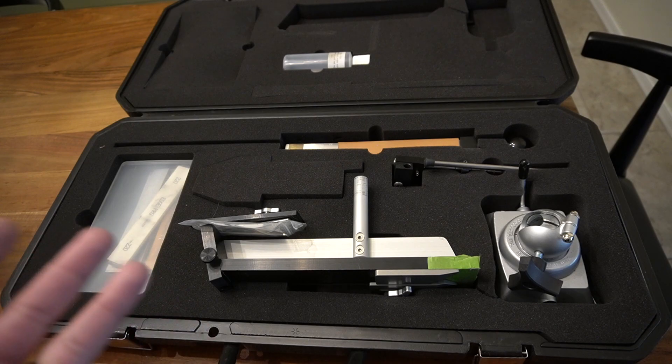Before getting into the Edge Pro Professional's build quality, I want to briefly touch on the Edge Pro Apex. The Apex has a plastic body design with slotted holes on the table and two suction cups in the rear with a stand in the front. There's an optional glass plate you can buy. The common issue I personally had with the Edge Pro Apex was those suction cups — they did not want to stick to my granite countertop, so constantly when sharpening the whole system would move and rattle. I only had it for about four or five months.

- - -

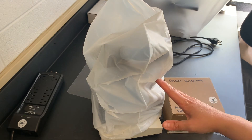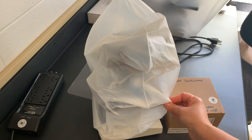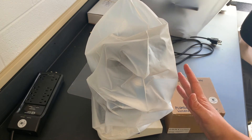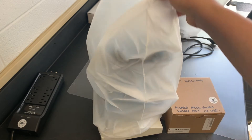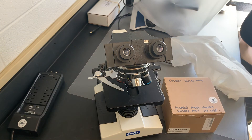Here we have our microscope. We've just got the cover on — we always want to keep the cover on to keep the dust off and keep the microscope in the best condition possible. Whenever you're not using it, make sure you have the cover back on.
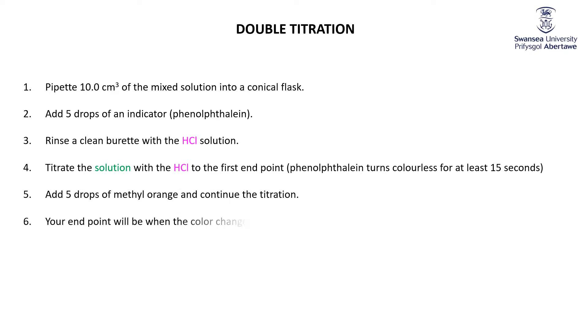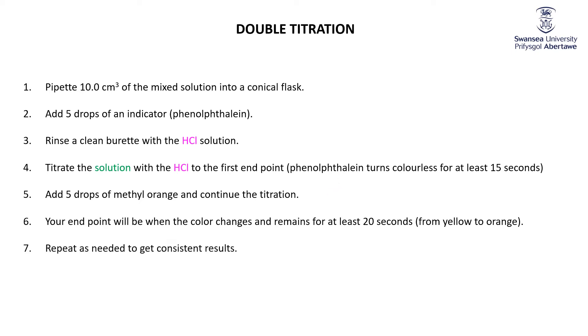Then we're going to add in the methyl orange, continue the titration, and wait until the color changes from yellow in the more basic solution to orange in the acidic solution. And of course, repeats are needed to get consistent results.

- - -

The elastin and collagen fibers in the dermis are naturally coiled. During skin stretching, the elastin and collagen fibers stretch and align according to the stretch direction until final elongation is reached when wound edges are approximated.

- - -

WHAT IS NEEDED: Only the lines between the one with "Here we have" and the one with "Then we're going", those two included, get copied from the material above. Keep it exact and free of pictures.

EXPECTED ANSWER:
Here we have our microscope. We've just got the cover on — we always want to keep the cover on to keep the dust off and keep the microscope in the best condition possible. Whenever you're not using it, make sure you have the cover back on.
Then we're going to add in the methyl orange, continue the titration, and wait until the color changes from yellow in the more basic solution to orange in the acidic solution. And of course, repeats are needed to get consistent results.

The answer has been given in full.